An Obsession With Shadows
Gary Miller
(click image to advance to next one) OK, it's Tuesday mid-day, and I am still obsessing about the bridge jump photos I shot in Waitsfield, Vermont on Saturday. When I pulled out my trusty iPhone, I just wanted to test out the rapid-fire feature to capture guys jumping off the bridge. The phone did a great job of that, capturing probably a dozen crisp photos during each jumper's thirty-foot or so descent. But it's only when I looked at the photos later that I began to obsess about them.
If you click your way through the gallery above, you can see why. It's not the jump itself that interests me, but the stunningly beautiful shadows the jumpers cast on the wall of the bridge. At first, the simple beauty of those shadows interested me. But then I began to dig deeper in a metaphorical way.

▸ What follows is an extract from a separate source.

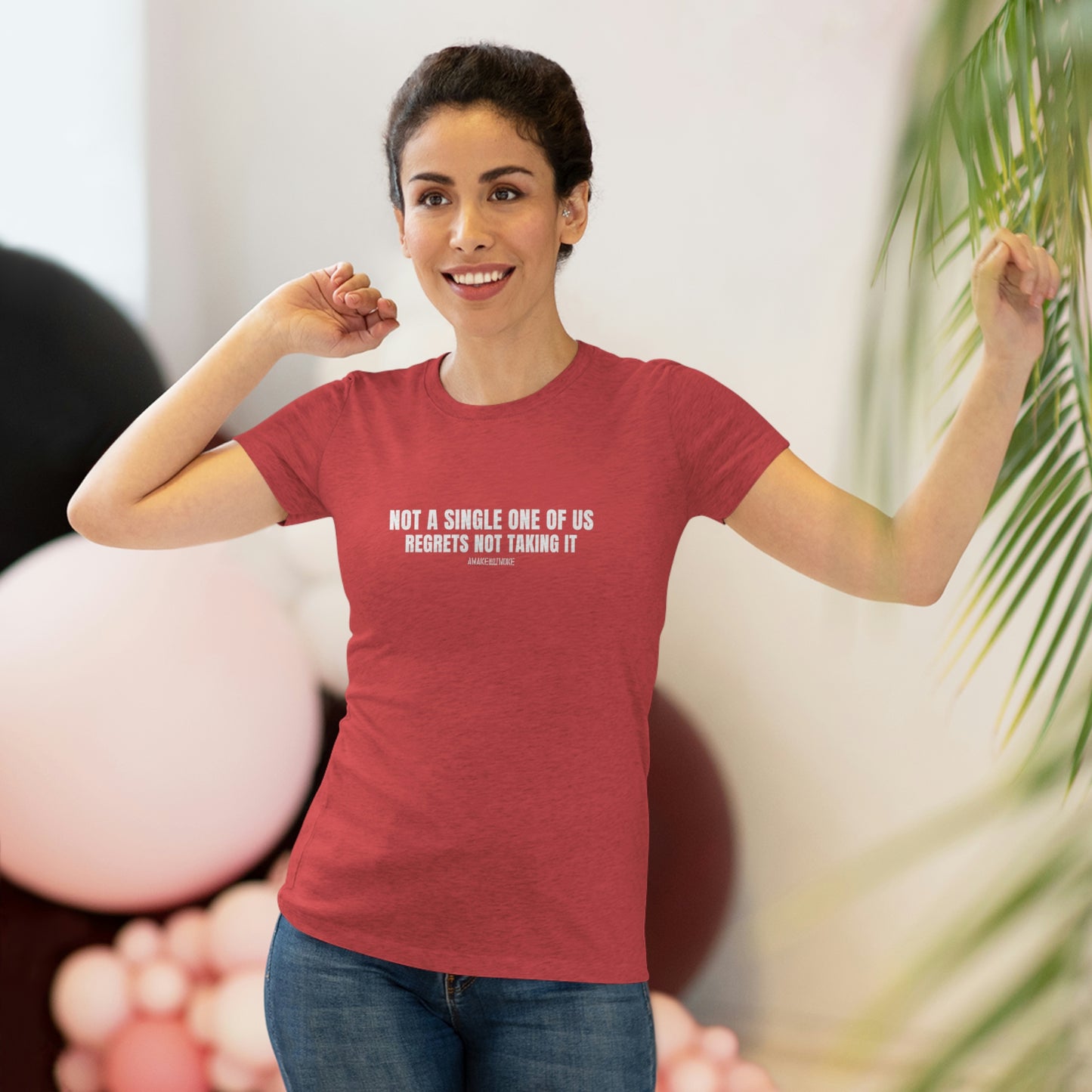 Women's No Regrets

After a bit, I realized something critical about those shadows: if the camera had not caught them, I would not have seen them at all. The naked eye is a lens, but it's connected to a filter called the brain, which constantly focuses on what it perceives to be the most important data. My brain told me the jumper was the most important thing, and filtered out the shadows altogether.
The more I though about this, the more I realized that one of the duties of art (and perhaps the main duty) is to filter out the obvious, most important thing, and to focus on what usually goes unnoticed. We all can see and understand the obvious, the clearly-delineated black and white of our existence. But it's the beautiful shadows that an artist brings to the fore, to share with us all.